• [RECORDED DATA]
────────────────────────────────────────
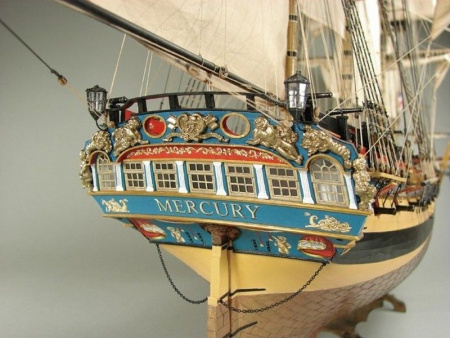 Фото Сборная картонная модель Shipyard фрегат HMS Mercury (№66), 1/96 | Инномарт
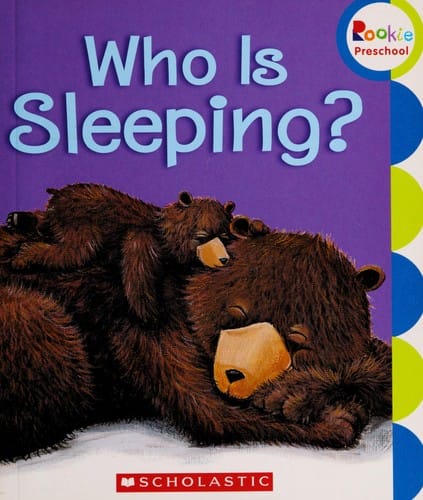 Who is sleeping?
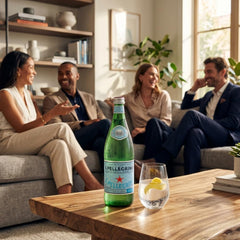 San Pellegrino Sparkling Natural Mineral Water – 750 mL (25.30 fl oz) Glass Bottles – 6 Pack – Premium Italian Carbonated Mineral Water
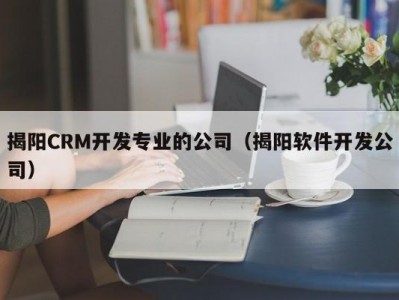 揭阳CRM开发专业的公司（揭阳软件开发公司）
────────────────────────────────────────
• [PROBLEM TO SOLVE] A word-for-word transcription of the listing is needed, minus its images.

• [OUTPUT FOR THIS EXERCISE]
 Фото Сборная картонная модель Shipyard фрегат HMS Mercury (№66), 1/96 | Инномарт
 Who is sleeping?
 San Pellegrino Sparkling Natural Mineral Water – 750 mL (25.30 fl oz) Glass Bottles – 6 Pack – Premium Italian Carbonated Mineral Water
 揭阳CRM开发专业的公司（揭阳软件开发公司）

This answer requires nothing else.